Leave the images behind and copy every record exactly.

= Beginning of Section =

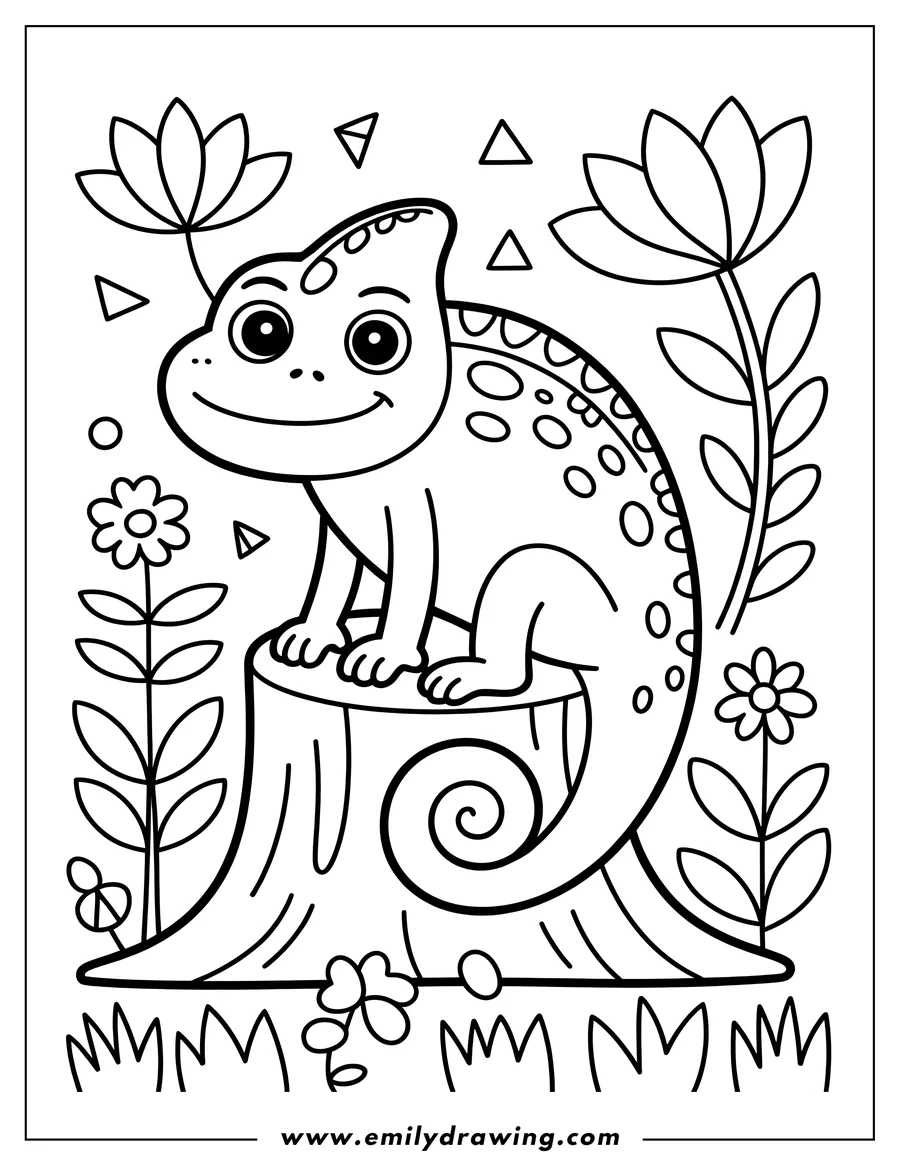 Outline of a chameleon sitting on a tree stump, surrounded by flowers and simple geometric shapes.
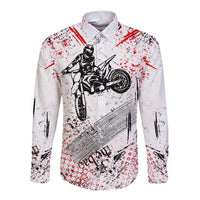 Motocross Rider Long Sleeve Button Shirt with Abstract Grunge Brush and Custom Number in Red and Black Splatter Design - Wonder Print Shop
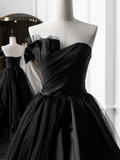 Simple A-Line Satin Strapless Black Long Prom Dress HZ1022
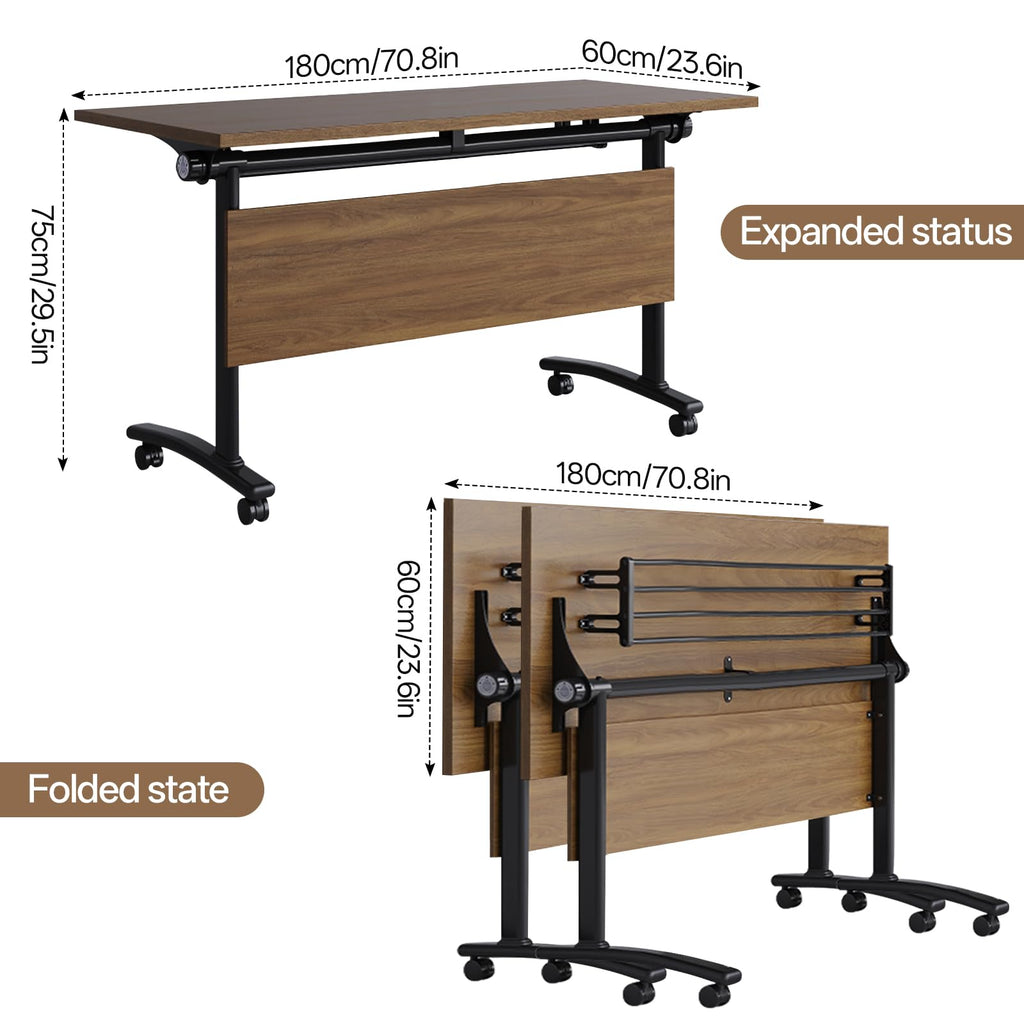 Folding Conference Table with Wheels, Flip-Top, 70.8in, 6 Pack, Walnut 1619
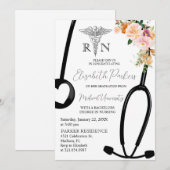 Boho Floral RN Verpleegschool Afstudeerfeest Kaart (Voorkant / Achterkant)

= End of Section =

EXERCISE OUTPUT
 Outline of a chameleon sitting on a tree stump, surrounded by flowers and simple geometric shapes.
 Motocross Rider Long Sleeve Button Shirt with Abstract Grunge Brush and Custom Number in Red and Black Splatter Design - Wonder Print Shop
 Simple A-Line Satin Strapless Black Long Prom Dress HZ1022
 Folding Conference Table with Wheels, Flip-Top, 70.8in, 6 Pack, Walnut 1619
 Boho Floral RN Verpleegschool Afstudeerfeest Kaart (Voorkant / Achterkant)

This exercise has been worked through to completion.